Record extracts =>
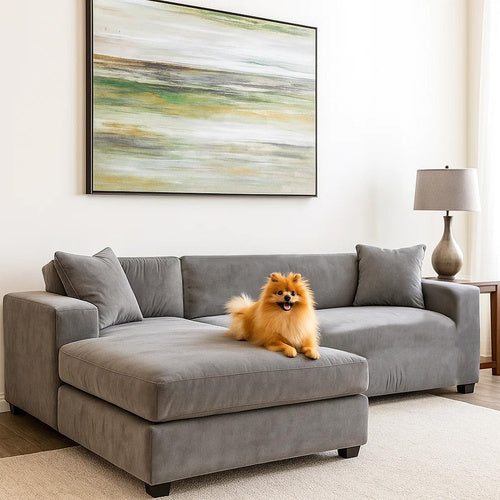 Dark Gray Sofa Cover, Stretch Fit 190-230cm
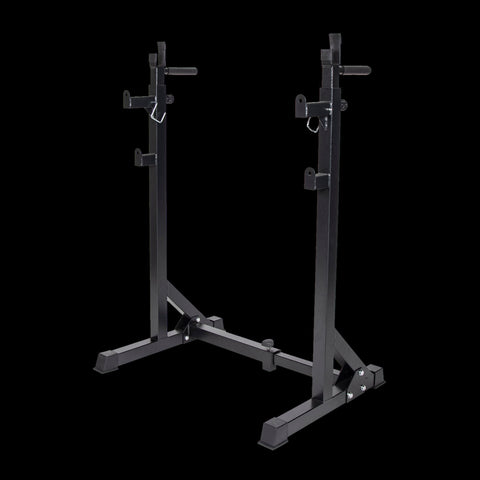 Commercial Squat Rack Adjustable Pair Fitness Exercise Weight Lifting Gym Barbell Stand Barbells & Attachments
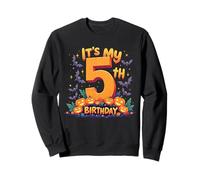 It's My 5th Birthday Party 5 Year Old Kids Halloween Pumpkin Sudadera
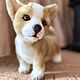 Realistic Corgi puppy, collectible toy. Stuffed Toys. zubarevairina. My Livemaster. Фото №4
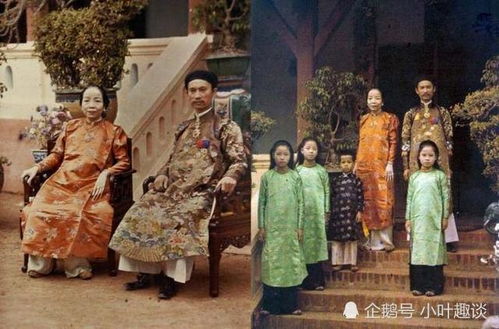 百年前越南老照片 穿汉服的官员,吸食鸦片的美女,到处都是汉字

Required action => Copy out each record word for word and omit any pictures.

Response =>
 Dark Gray Sofa Cover, Stretch Fit 190-230cm
 Commercial Squat Rack Adjustable Pair Fitness Exercise Weight Lifting Gym Barbell Stand Barbells & Attachments
 It's My 5th Birthday Party 5 Year Old Kids Halloween Pumpkin Sudadera
 Realistic Corgi puppy, collectible toy. Stuffed Toys. zubarevairina. My Livemaster. Фото №4
 百年前越南老照片 穿汉服的官员,吸食鸦片的美女,到处都是汉字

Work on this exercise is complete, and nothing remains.